**EXERCISE DIRECTIONS**. Copy out again, unchanged, the listing below from the line that has "Miniatura 2 de" through the line that has "Внешний аккумулятор Power".

**AVAILABLE DATA**.
○ ○ ○ ○ ○ ○ ○

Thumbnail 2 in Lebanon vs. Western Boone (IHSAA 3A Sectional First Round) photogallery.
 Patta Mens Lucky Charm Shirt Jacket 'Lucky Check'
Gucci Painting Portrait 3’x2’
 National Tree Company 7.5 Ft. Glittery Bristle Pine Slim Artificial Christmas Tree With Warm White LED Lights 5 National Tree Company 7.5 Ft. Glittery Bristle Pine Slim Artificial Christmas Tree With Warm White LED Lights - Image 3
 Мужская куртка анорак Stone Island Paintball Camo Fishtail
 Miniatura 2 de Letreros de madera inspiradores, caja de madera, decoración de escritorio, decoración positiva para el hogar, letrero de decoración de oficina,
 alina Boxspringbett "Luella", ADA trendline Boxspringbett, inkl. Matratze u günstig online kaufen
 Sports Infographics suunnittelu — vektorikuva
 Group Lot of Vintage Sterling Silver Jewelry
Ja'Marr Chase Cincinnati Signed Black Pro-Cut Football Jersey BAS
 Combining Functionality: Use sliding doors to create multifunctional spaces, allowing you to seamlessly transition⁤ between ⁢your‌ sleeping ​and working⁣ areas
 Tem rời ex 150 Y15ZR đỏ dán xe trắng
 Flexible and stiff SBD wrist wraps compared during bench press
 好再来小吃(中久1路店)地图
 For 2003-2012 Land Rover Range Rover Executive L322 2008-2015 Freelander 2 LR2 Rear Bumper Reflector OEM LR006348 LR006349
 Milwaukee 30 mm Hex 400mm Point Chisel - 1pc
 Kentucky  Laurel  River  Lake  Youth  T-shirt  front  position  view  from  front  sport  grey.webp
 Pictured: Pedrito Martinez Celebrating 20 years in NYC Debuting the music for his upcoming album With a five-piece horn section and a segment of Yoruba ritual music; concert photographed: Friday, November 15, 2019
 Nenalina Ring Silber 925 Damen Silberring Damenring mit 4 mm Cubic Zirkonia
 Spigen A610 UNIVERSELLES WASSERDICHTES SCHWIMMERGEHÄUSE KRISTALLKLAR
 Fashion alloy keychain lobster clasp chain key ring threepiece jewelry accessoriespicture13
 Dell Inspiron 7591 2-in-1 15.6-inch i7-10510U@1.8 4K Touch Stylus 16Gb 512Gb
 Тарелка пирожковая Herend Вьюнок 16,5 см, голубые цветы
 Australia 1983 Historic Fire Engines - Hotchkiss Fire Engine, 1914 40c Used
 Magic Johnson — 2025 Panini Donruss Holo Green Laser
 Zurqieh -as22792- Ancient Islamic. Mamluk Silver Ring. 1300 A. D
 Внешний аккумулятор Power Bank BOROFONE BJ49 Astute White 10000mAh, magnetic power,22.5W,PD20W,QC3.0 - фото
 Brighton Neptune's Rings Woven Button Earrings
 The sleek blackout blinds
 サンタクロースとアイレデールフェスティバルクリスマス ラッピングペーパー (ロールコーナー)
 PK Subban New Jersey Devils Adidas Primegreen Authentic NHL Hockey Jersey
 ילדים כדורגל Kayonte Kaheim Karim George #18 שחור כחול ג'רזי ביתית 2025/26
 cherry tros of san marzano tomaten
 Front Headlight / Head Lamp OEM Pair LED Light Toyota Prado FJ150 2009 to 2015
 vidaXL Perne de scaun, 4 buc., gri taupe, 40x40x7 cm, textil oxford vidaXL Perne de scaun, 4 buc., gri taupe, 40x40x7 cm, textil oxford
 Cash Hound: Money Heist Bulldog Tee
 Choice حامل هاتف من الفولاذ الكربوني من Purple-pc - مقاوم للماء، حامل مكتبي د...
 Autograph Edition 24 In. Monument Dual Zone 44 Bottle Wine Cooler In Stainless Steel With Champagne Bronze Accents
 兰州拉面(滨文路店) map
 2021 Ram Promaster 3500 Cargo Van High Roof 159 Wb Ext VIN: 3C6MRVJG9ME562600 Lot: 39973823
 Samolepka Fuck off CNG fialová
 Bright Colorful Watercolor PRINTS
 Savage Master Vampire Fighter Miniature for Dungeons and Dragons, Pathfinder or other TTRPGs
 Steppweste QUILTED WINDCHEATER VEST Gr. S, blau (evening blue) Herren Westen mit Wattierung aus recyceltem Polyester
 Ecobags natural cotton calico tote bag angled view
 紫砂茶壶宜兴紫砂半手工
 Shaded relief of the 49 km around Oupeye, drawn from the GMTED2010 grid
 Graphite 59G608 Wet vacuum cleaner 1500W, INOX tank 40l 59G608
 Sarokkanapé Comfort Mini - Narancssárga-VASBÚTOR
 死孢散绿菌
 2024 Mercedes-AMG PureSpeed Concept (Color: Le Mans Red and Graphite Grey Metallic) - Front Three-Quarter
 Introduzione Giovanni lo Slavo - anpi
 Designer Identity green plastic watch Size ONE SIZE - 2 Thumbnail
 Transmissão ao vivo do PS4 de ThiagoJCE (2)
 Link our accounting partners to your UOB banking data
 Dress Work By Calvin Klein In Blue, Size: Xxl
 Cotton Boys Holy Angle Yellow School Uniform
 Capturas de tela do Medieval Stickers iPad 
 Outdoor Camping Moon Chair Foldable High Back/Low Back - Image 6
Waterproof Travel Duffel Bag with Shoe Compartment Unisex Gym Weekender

○ ○ ○ ○ ○ ○ ○

**THE ANSWER**.
 Miniatura 2 de Letreros de madera inspiradores, caja de madera, decoración de escritorio, decoración positiva para el hogar, letrero de decoración de oficina,
 alina Boxspringbett "Luella", ADA trendline Boxspringbett, inkl. Matratze u günstig online kaufen
 Sports Infographics suunnittelu — vektorikuva
 Group Lot of Vintage Sterling Silver Jewelry
Ja'Marr Chase Cincinnati Signed Black Pro-Cut Football Jersey BAS
 Combining Functionality: Use sliding doors to create multifunctional spaces, allowing you to seamlessly transition⁤ between ⁢your‌ sleeping ​and working⁣ areas
 Tem rời ex 150 Y15ZR đỏ dán xe trắng
 Flexible and stiff SBD wrist wraps compared during bench press
 好再来小吃(中久1路店)地图
 For 2003-2012 Land Rover Range Rover Executive L322 2008-2015 Freelander 2 LR2 Rear Bumper Reflector OEM LR006348 LR006349
 Milwaukee 30 mm Hex 400mm Point Chisel - 1pc
 Kentucky  Laurel  River  Lake  Youth  T-shirt  front  position  view  from  front  sport  grey.webp
 Pictured: Pedrito Martinez Celebrating 20 years in NYC Debuting the music for his upcoming album With a five-piece horn section and a segment of Yoruba ritual music; concert photographed: Friday, November 15, 2019
 Nenalina Ring Silber 925 Damen Silberring Damenring mit 4 mm Cubic Zirkonia
 Spigen A610 UNIVERSELLES WASSERDICHTES SCHWIMMERGEHÄUSE KRISTALLKLAR
 Fashion alloy keychain lobster clasp chain key ring threepiece jewelry accessoriespicture13
 Dell Inspiron 7591 2-in-1 15.6-inch i7-10510U@1.8 4K Touch Stylus 16Gb 512Gb
 Тарелка пирожковая Herend Вьюнок 16,5 см, голубые цветы
 Australia 1983 Historic Fire Engines - Hotchkiss Fire Engine, 1914 40c Used
 Magic Johnson — 2025 Panini Donruss Holo Green Laser
 Zurqieh -as22792- Ancient Islamic. Mamluk Silver Ring. 1300 A. D
 Внешний аккумулятор Power Bank BOROFONE BJ49 Astute White 10000mAh, magnetic power,22.5W,PD20W,QC3.0 - фото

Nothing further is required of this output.